Gratitude, Growth, Transition
By Rev. Becky Brown | 2023-05-13 | 3 min read
There is no doubt in my mind that God led me to First United Methodist Church of Waynesville just over 14 years ago. I was nearing the completion of my MDiv studies at Duke Divinity School and searching for a local church to serve as my first appointment in ministry. Even though I was a candidate for Deacon’s orders, I requested to be “put on the Associate Pastors’ list” (which is typically only reserved for Elders) with Bishop Goodpaster because I wanted to explore all aspects of local church ministry. I completed a phone interview with a member of Staff Parrish from FUMC, and was invited to interview in person. I was so nervous, since this was my first real job interview for a full-time position. Andy and I really wanted to move back to the mountains, and were hoping this congregation would be a good fit. With fear, trembling, and tons of prayer, I interviewed with a large gathering of members that made up the SPRC. I was not really sure how it all went, considering I was so “green” and hadn’t preached many sermons, and hadn’t presided over ANY funerals. I was at 25-year-old newlywed, and the one who snuck on the list of candidates available to be interviewed. The church wasn’t looking for a deacon, they wanted an elder; and ya’ll ended up with me.

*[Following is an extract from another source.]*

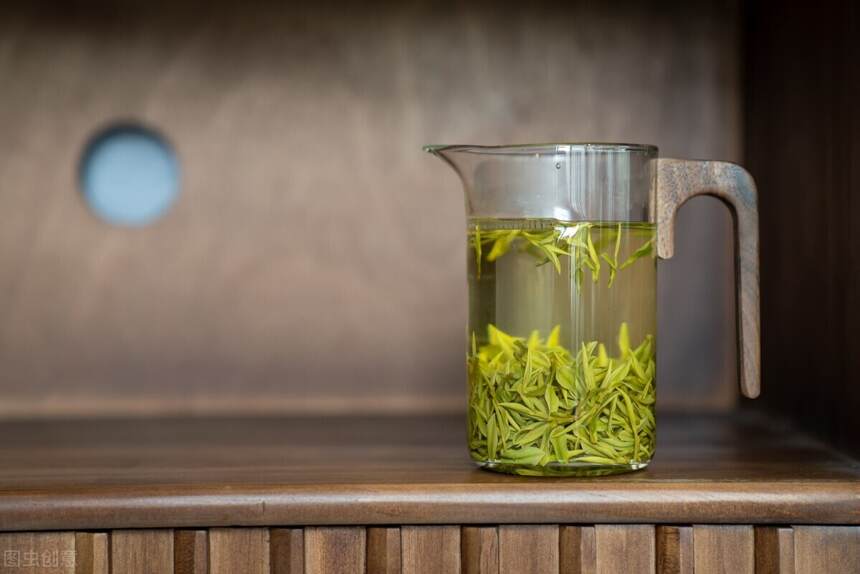 一片东方树叶的秘密：茶汤的涩、苦、鲜、甜、浓、是由什么决定的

There is no way for me to adequately express my gratitude to this congregation. From my first Sunday in worship, I have felt a tremendous welcome and acceptance. I know my first few sermons were pretty rough, but you all loved me and encouraged me through them. Friends would often ask if it was difficult for me to be surrounded by SO MANY retired ministers, since they thought it would be incredibly intimidating. It was, at first. However, I was met with such encouragement, appreciation, and guidance that those feelings quickly dissipated. Over these 14 years of ministry life together, I have grown immensely as a human being, as a Christian, as a leader, and as a pastor. It has been my complete joy to serve in ministry alongside of such a dynamic and caring congregation that has a heart for service and justice. You have poured into me, just as I have poured into each of you.
When I began my 5-week renewal time, I knew my heart was tired. I hoped to be completely rejuvenated after that time, and ready to continue serving God in this church 100% once again. Yet, as I journeyed alongside of God in prayer, journaling, scripture reading, and gathering with spiritual friends, I came to realize that my soul is tired and in need of much more time to be fully restored. This came as a surprise to me, but I have heard God say over and over again – “You need rest. Not yet. You’re not ready to return.” Therefore, I will be leaving the church staff, effective June 1. I have requested to be placed on Personal Leave for this next annual conference year. Our family will remain in Waynesville, and I will not be taking another position elsewhere. I simply will be going home to heal, rest, and soak up precious time with my supportive and loving husband and our children. We plan to continue to worship at FUMC and serve God with you all, so this isn’t goodbye. While I grieve the loss of being one of your pastors, I am grateful to remain your friend and sister in Christ.